PV-Magazine: German energy provider, Eon was the first to announce the new record on May 1. All PV power generators installed in Germany produced more than 10 billion kWh of electricity, for the first time, in the first four months of the year.
“In April alone, it was 4.8 billion kilowatt hours – almost the same amount as in the previous three months. By way of comparison, in April 2017 3.9 billion kWh were generated, while April 2016 solar power production had reached 3.7 billion kWh,” a EON spokesman told pv magazine.
According to him, the data come from Eon analysts who monitor the renewable energy market around the clock, based on weather forecasts, expected energy volumes in the electricity market, and the quantities of injected electricity. “The amount of electricity generated can cover the average annual consumption of more than four million households,” Eon said, referring to the solar source.
Bruno Burger, who manages the Energy Charts at Germany’s solar research institute, Fraunhofer ISE, also continuously evaluates the power generation data. He has calculated PV generation of 10.76 billion kWh for the first four months of 2018. However, EON claims it currently comes in at 10.18 billion kilowatt hours of solar power for the period.

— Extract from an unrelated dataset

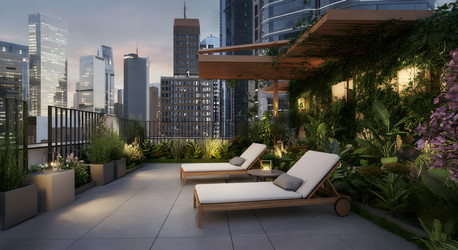 Similar image 22547693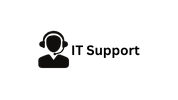 IT Support Services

Burger points out that his calculations take into account correction factors, without which the value is likely to be below the limit of 10 billion kWh. “Since the EEG account for 2017 is not yet available, this value is still uncertain. Probably the value of 2017 was already over ten terawatt hours ,” Burger said.

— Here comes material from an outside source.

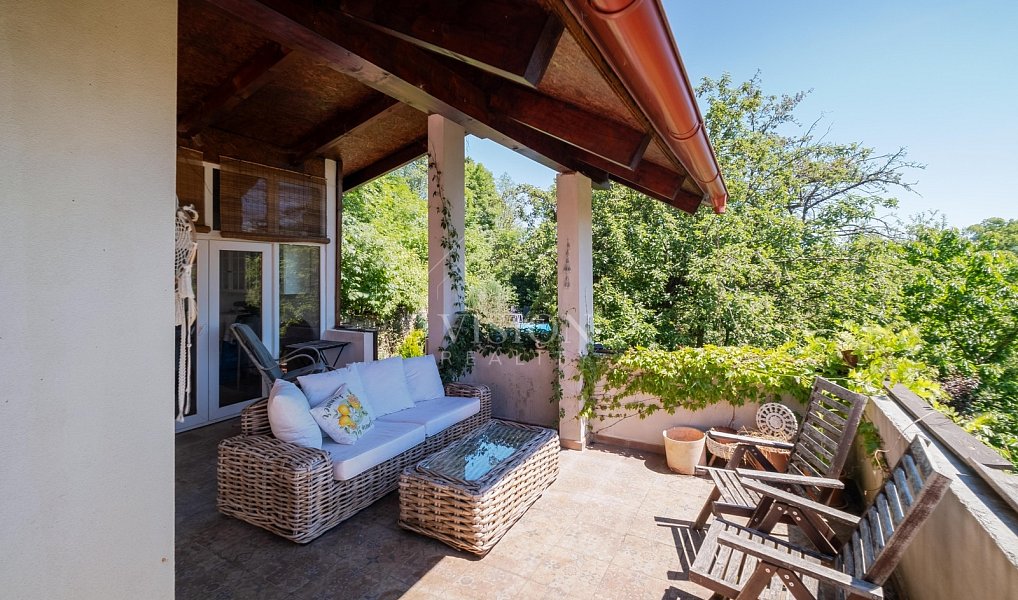 Prodej domu 190 m² s pozemkem 1 831 m², Kolinec – náhled fotky 19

End of April: Record week for renewables
According to Burger’s analyses, calendar week 17 – the last week of April – was the best for renewable energy so far this year. The share of renewables reached 53.2%, which was slightly above the stormy first week of the year, when 5.22 billion kWh were generated by the renewable energy systems installed in Germany.

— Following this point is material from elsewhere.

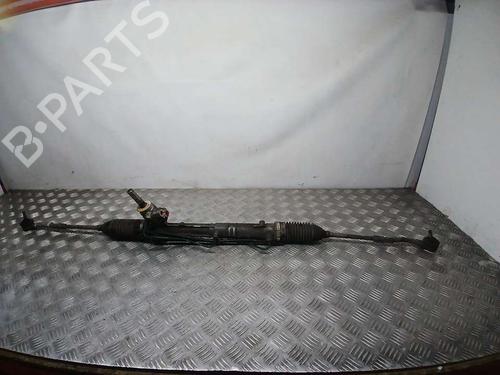 Used Steering rack CITROËN C4 II (NC_) [2009-2025]  24357289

For the full month of April, he has calculated 5.26 billion kWh coming from PV systems in the country. According to his analysis, this accounts for 12.1% of total power generation. Wind turbines reached 9.02 billion kWh, and a share of 20.7% last month. Burger further estimates that, lumped together, renewables reached a total share of 48.3%.
The Freiburg scientist has already determined preliminary data for May 1. Renewable energies would have accounted for almost 71.9% of all power generation, he said. On the holidays in spring or early summer, the share of PV and wind power is often very high, as the energy consumption is less than on working days during the week. Viewed throughout May 1, wind power accounted for 44.1% of electricity generation, and PV systems for 12.1%.
As a consequence of this high level of power injection from renewables, negative prices showed up again on the electricity exchange. On May 1, these prices were negative from 0:00 am to 6:00 pm, which means that operators of direct-marketing power plants require no compensation during this period.
The lowest level was reached by the Day Ahead Börsenstrompreis with -58.96 euros per MWh at 2 pm. At that time, the gas and coal power plants were reduced to less than 10% of their capacity. The brown coal power plants ran at 40% capacity, while nuclear power plants at 70%, Burger added.